Die katholische Kirche hat diese religiöse Überzeugung über Jahrhunderte sorgsam gepflegt, konnte sie damit doch die Gläubigen an sich binden. Ihre Argumentation: Befreiung von den Sünden gibt es nur durch Jesus oder Gott, respektive seine Stellvertreter auf der Erde. Sie können dir vergeben und dich von der Sünde befreien, wenn du sie beichtest und das Fehlverhalten bereust.
Dieses Ritual führt angeblich zur Reinigung des Sündenregisters. Eine Voraussetzung, um am Jüngsten Tag zu den Geretteten zu gehören.
Der Versuchung erlegen
Dieses kindliche Muster der Absolution benutzte der Tessiner Priester vor den sechs Geschworenen und drei Richtern. Frei nach dem Motto: Der Satan hat mich so verwirrt, dass ich seiner Versuchung erlegen bin und quasi gegen meinen Willen die Opfer geschändet habe.
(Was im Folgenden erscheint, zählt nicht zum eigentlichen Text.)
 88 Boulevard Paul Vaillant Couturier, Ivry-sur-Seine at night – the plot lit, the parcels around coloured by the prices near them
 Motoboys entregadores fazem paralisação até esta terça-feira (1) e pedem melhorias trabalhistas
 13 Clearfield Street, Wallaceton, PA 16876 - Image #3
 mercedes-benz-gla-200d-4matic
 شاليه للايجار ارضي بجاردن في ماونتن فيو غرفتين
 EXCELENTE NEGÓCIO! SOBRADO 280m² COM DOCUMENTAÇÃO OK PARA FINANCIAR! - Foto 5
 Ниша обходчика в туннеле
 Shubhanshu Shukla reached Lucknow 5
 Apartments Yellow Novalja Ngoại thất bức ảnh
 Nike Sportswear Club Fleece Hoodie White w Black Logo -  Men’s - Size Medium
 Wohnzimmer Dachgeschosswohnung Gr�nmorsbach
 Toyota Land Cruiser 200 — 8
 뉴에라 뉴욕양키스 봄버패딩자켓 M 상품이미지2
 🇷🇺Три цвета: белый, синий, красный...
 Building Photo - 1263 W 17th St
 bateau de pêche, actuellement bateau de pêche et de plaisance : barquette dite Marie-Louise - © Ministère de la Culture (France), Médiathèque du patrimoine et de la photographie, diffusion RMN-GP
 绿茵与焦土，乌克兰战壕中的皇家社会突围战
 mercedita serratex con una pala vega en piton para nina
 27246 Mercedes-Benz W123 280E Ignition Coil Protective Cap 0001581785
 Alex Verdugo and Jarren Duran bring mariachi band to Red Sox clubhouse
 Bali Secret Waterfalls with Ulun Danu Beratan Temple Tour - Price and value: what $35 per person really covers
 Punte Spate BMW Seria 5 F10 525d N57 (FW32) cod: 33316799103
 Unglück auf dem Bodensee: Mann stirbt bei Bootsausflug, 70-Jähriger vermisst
Der Einfluss des Satans muss heftig gewesen sein, dauerte doch die angebliche Verwirrung acht Jahre lang. Die Staatsanwaltschaft klagte den Priester wegen neunfacher sexueller Nötigung, Missbrauch einer zum Widerstand unfähigen Person, illegaler Pornografie und vierfachen sexuellen Handlungen mit Minderjährigen unter 16 Jahren an.
Die Staatsanwältin erklärte vor Gericht, der Priester habe reihenweise Jugendliche und junge Männer zu sexuellen Handlungen gezwungen. Er sei als Lehrer und Jugendseelsorger eines Kollegiums eine Vertrauensperson der Jugendlichen gewesen und habe seine Machtposition gegenüber den Knaben und jungen Männern ausgenutzt. Verhandelt wurden nur die Fälle, die nachgewiesen werden konnten.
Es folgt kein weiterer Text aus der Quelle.